IQVIA is hiring to expand our dedicated Real World Evidence (RWE) FSP team, working fully within the environment of a prominent Pharma company. This Epidemiological Programmer role sits within our Real World Solutions team and will be responsible for leading development of datasets and conducting longitudinal analyses for observational studies in the virology therapeutic area under one client portfolio.

It is important for this individual to have demonstrated experience and applied proficiency in observational research utilizing EMR and claims data, a strong statistical programming skillset, both knowledge and applied experience with epidemiological study design, terminology, cohort building, and RWE outcome measures, and experience managing multiple studies and complex analyses.

In this role, individuals will have access to real-world databases and act as the stewards of the client's best practices, standards, and methodologies underlying the use of real-world data (RWD).

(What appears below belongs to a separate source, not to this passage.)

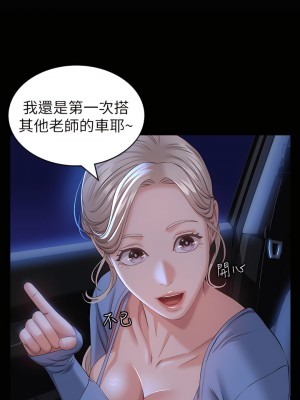 萬能履歷表 18-19話_18_29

• Lead development of analytic datasets through raw data processing and conduct data checks / cleaning using secondary real world data sources, including claims, EHR, and lab data (e.g. Optum, HealthVerity, TriNetX, IQVIA PharMetrics Plus).
• Lead the feasibility of real-world data sources to characterize patient population, build patient cohorts, and define and validate key variables specific to study objectives.
• Conduct and QC analyses, including identification of diagnosis and treatment codes and applying statistical methods to handle censored data, confounding, differing person-time, and missing data.
• Collaborate with epidemiologists on study design and methodology, as well as define specifications for descriptive and complex statistics (e.g. longitudinal analysis, survival analysis, regression models, propensity score methods) in studies using RWD for virology research questions.
• Develop and QC TFLs for protocols/reports/manuscripts using RWD (e.g. claims and EHR).
• Support development of other study documents including protocols, statistical analysis plans, and study reports.
• Communicate timelines, progress reports, and results to project team and key stakeholders.
• Provide technical, programming, statistical, and epidemiological expertise and independently bring project solutions to team for complex studies.

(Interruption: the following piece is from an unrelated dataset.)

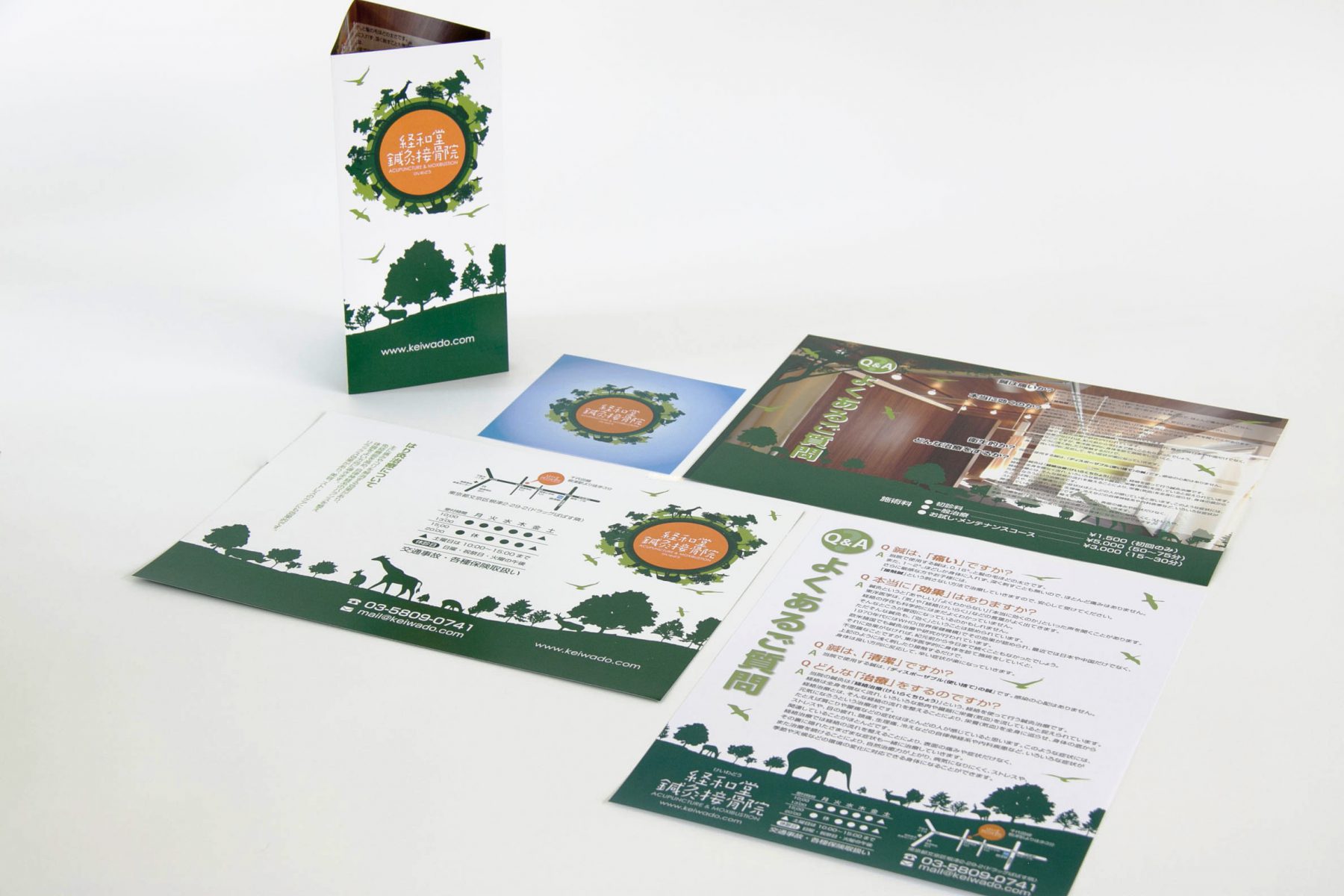 経和堂鍼灸接骨院 施工実績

• Master's Degree in Biostatistics, Epidemiology, Outcomes Research or related field with 5-8 years relevant experience or PhD with 3 years relevant experience required.
• Strong track record of analysis of RWD using EMR and claims data.
• Demonstrated proficiency in advanced statistical programming using SAS and/or R, macros, SQL required.
• Demonstrated experience and applied proficiency of RWE study design, terminology, cohort building, and analytic methodologies.
• Prior pharmaceutical experience.
• Excellent analytic and communication skills with attention to detail.
• Ability to effectively manage and prioritize multiple tasks and projects.